Sergio Ramírez
Al momento del derrumbe de su régimen de largos cuarenta y dos años, la prole numerosa del coronel Gadafi era de ocho hijos, entre propios y adoptados, unos útiles a su aparato de poder, otros inútiles y ociosos, pero todos ellos dueños de una abundante parcela de riqueza, mansiones, yates, jets privados, flotillas de automóviles, villas en el extranjero, cuentas cifradas, legiones de criados, y protegidos por igual en sus gustos y caprichos.

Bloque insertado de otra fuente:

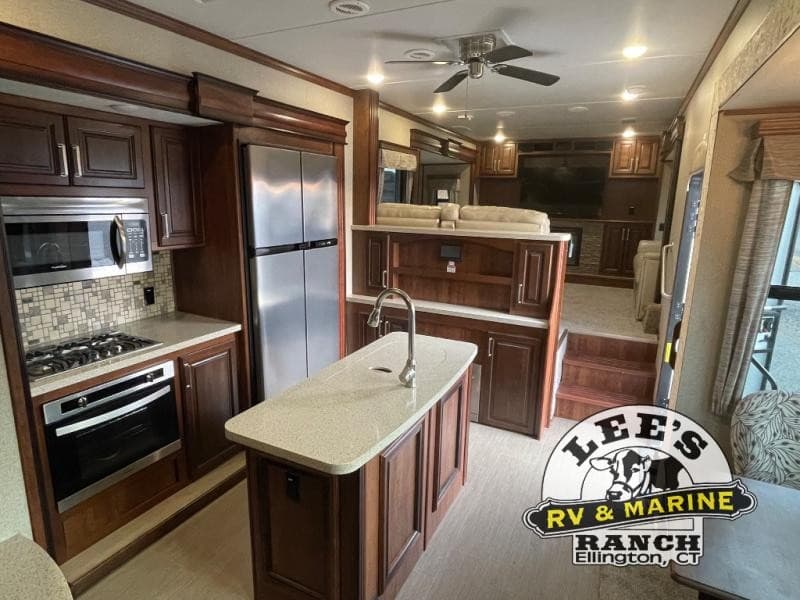 Lee's Auto & RV Ranch Highlights Used RVs for Sale in Connecticut, Including Teardrop Trailers and Fifth-Wheels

Ahora que las mansiones de todos ellos en Trípoli fueron ocupadas por los rebeldes, podemos enterarnos de cómo vivían, de cuáles eran sus gustos y sus manías para gastar el dinero que recibían a raudales de las arcas sin fondo de su padre. Gastar el dinero que no cuesta ganarse, parece ser el más irreprimible de los vicios. Caprichos, fijaciones, obsesiones, fastuosidad. La riqueza es el reino de la exageración. Todo lo que la imaginación y el deseo dicten. Poseerlo todo a la vez, no privarse de nada, encontrar gusto en tener lo que no se necesita. Todo lo que está colocado entre la avaricia y la sensualidad del ocio bien vivido, la riqueza como instrumento de poder y de dominio, la exacerbación sin fin de los sentidos.
Junto con los rebeldes armados entró el pueblo llano y silvestre en las mansiones amuralladas de la familia, una de ellas la de Al Saadi el Gadafi, el hijo al que papá le compró el sueño de ser futbolista de la liga italiana, lo que logró haciéndose de un paquete de acciones del equipo Udinese. El muchacho jugó por todo un total de media hora, para luego calentar de manera permanente la banca. Pero eso no es todo. Llegaba a los entrenamientos en un helicóptero, o al volante de un Lamborghini, y siempre a mano su jet privado para escaparse a Paris, aficionado como era a los shows del cabaret Crazy Horse.